We thank the many farms that opened up their land and minds to these intense training sessions.

“Through this planned grazing project and one on one consultations with our agency professional we have saved more than $6,000 in feed costs by strategically monitoring our rest periods and stockpiling pastures into December while keeping manure on the land and actually planning and then taking a family vacation,” said one participant. “The planning tools have revolutionized our operation.”

To learn more about the tools and project, visit cnyrcd.org/planned-grazing-participants.

The Sixth Consecutive Award for Local Conservation

For the sixth consecutive year, Madison County’s Soil and Water Conservation District was recognized for its media and tradition of outreach efforts by the New York State Soil & Water Conservation Committee and the NYS Department of Agriculture & Markets as part of a comprehensive Agricultural Environmental Management Program (AEM) in New York State.

This year’s installment was predicated on being at the right place at the right time and capturing the beauty of the region on film; the district has garnered the “Best Photos in the News” award for their wide array of more than 30 photos featured and published in local newspapers, national magazines and online.

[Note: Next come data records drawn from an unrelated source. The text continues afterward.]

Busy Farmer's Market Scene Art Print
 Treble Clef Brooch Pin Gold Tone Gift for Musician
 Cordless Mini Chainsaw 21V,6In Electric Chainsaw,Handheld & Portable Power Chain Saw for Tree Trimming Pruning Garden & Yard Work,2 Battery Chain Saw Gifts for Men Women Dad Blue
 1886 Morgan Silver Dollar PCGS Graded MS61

The aware also recognized the quality of articles and expert-source quotes with especially well-articulated sound-bites on tough issues like federal TMDL requirements.

“It’s an honor to have this recognition bestowed upon the district by Commissioner Aubertine,” said Madison County Soil and Water Conservation District Chairman Doug Holdridge of Lincoln. “It demonstrates the commitment and support of our local community to conservation efforts.”